Le travail n’est pas l’instrument de torture que son étymologie évoque. Au contraire, il doit «construire» l’homme et non pas le détruire. Il joue ce rôle quand il a du sens. Ce sont les conditions extérieures qui le dénaturent et non son contenu et son objectif. Les jeunes recherchent un travail qui va donner du sens à leur vie et même si le salaire en est un aspect important – car c’est une forme de reconnaissance de sa valeur – il ne sera pas toujours décisif dans leur choix. Se sentir utile dans son activité professionnelle permet de s’épanouir, d’acquérir un statut social, de développer ses qualités et trouver l’équilibre «juste» avec sa vie privée.

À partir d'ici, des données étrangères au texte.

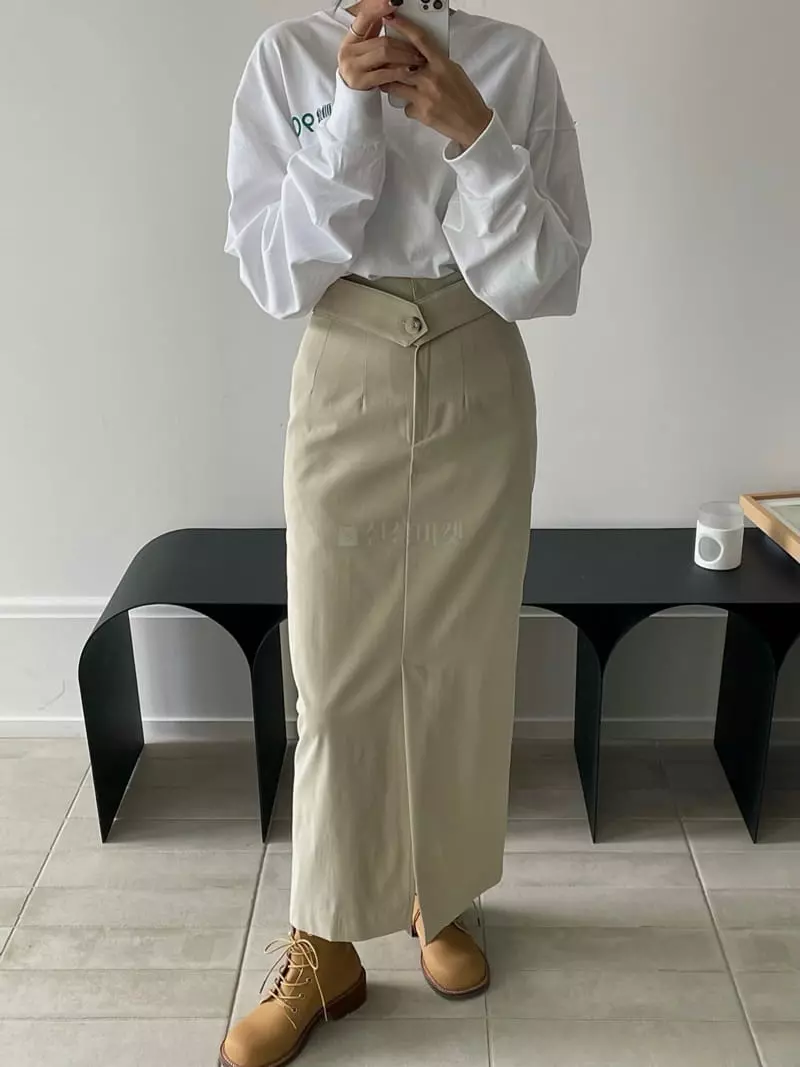 Hi Raki - Korean Women Fashion - #momslook - Belted Skirt - 5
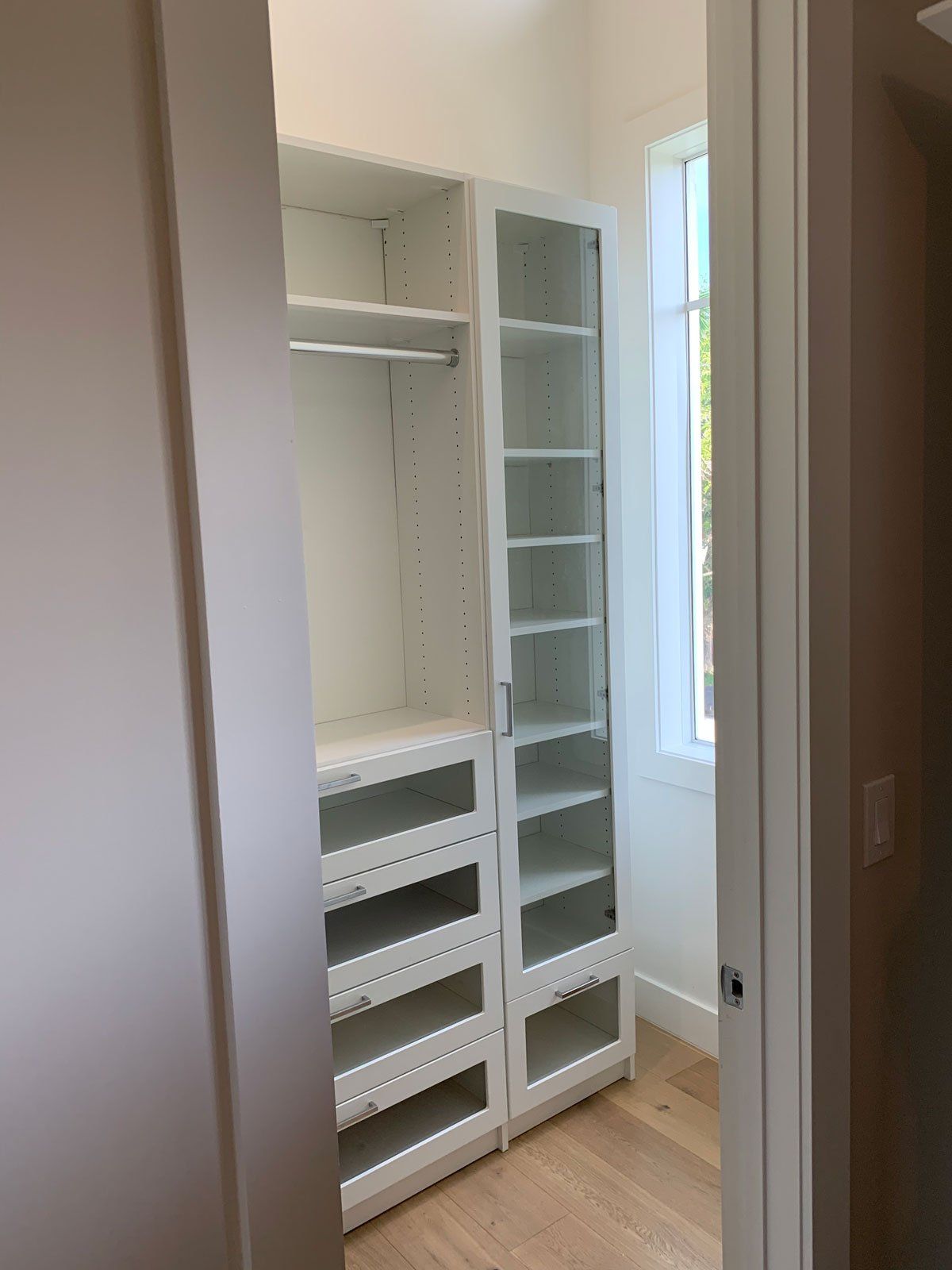 White Nursery Custom Closet System Installation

Tout cela est possible dans un environnement de travail sain. C’est pourquoi diverses institutions ont développé des programmes allant tous dans ce sens: l’OMS, avec «Healthy Workplace», l’Institut national américain de santé et sécurité au travail (NIOSH) avec le concept du «Total Worker Health»; la Fondation «Promotion Santé Suisse» avec le label, «Friendly Workplace»; et d’autres encore. Toutes ayant pour but d’aider les entreprises à mettre en place des conditions de travail «saines» en utilisant toutes nos connaissances en matière de prévention et de promotion de la santé.
Et «la bonne santé» étant indissociable de la santé de l’esprit, on peut bien l’affirmer: oui! La spiritualité débarque dans le monde du travail! Ne pas en tenir compte serait bien... incohérent!